Figure 3. A screen-shot of the educational dialogue system Gulan.

5.1 Dialogue System Exercises
The students were given a set of tasks to complete. First of all they had to use the system in order to figure out what it could and could not do. This also included experimenting with the speech recognition component itself in order to understand its current limitations regarding, for example, speaking style, vocabulary, and grammar. They could also change the pruning parameters used in the recogniser and re-generate n-best-lists of probable utterances for the last user input, thus making it possible to study their effect on speed, quality and number of hypothesis generated. The principal task was to extend the system with new fields from the Yellow Pages. New words and phrases had to be added to the lexicon and the grammar had to be modified accordingly. This is an interactive process where the students can listen to the transcriptions using the text-to-speech system. Immediately after they have loaded the updated lexicon into the running recogniser they can use the new words. They also have to extend the text generation capabilities in order to handle the new fields. The students could also modify the prosodic patterns of the synthesised responses.

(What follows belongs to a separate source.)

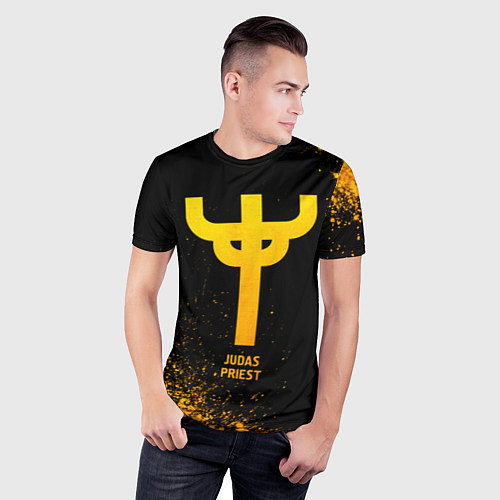 Мужская спорт-футболка Judas Priest - gold gradient / 3D-принт – фото 3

6 CONCLUSIONS AND FUTURE WORK

In this paper, some our efforts in creating web-based exercises for speech technology have been presented. It has been useful to liberate our students from the need to use certain computers or special laboratory set-ups at certain hours. In fact, it has become necessary since the total number of students has risen from about 20 to 200 in two years and one of our courses was given at Linköping University.
Much remains to be done, but the basic framework has shown its strength. Our current systems will be continuously developed and extended. The speech analysis module will be expanded in order to make re-synthesis possible in conjunction with the speech synthesis tool. The educational dialogue system will be improved. Modules for multi-modal synthesis and prosodic analysis will be added, as well as dialogue dependent speech recognition and speech synthesis. 
We believe that using the Internet will play an increasingly important role in making speech technology available anywhere for educational and co-operative purposes. Our investment in the web-based modular approach has already paid off in terms of effortless portability and easy implementation of demonstrators[5]

7 REFERENCES

  1. Sjölander, K., and Gustafson, J. (1997) An Integrated System for Teaching Spoken Dialogue Systems Technology, in Proceedings of Eurospeech '97.
  2. Gustafson, J., Elmberg, P., Carlson, R., Jönsson, A. (1998) An educational dialogue system with a user controllable dialogue manager, in Proc. of ICLSP´98.
  3. Lewin E., (1998) The Broker Architecture, http://www.speech.kth.se/proj/broker/.
  4. Sjölander, K., (1997) The Snack Sound Visualization Module, http://www.speech.kth.se/snack/.
  5. Gustafson, J., Lindberg, N. and Lundeberg, M. (1999) The August spoken dialogue system, to be published in proceedings of Eurospeech'99.'
  6. Sutton, S. et a. (1998) Universal Speech Tools: The CSLU Toolkit, in Proceedings of ICLSP´98.
  7. Barras, C., Geoffrois, E., Wu, Z. and Liberman, M (1998) Transcriber: a Free Tool for Segmenting, Labeling and Transcribing Speech, First International Conference on Language Resources and Evaluation. http://www.etca.fr/CTA/gip/Projets/Transcriber/
  8. Carlson, R., Granström, B., and Hunnicutt, S. (1982) A multi-language text-to-speech module, Proceedings of ICASSP '82, Paris, Vol. 3, pp 1604-1607, 1982.

  9. Beskow, J. (1995) Rule-based Visual Speech Synthesis, in Proceedings of Eurospeech '95.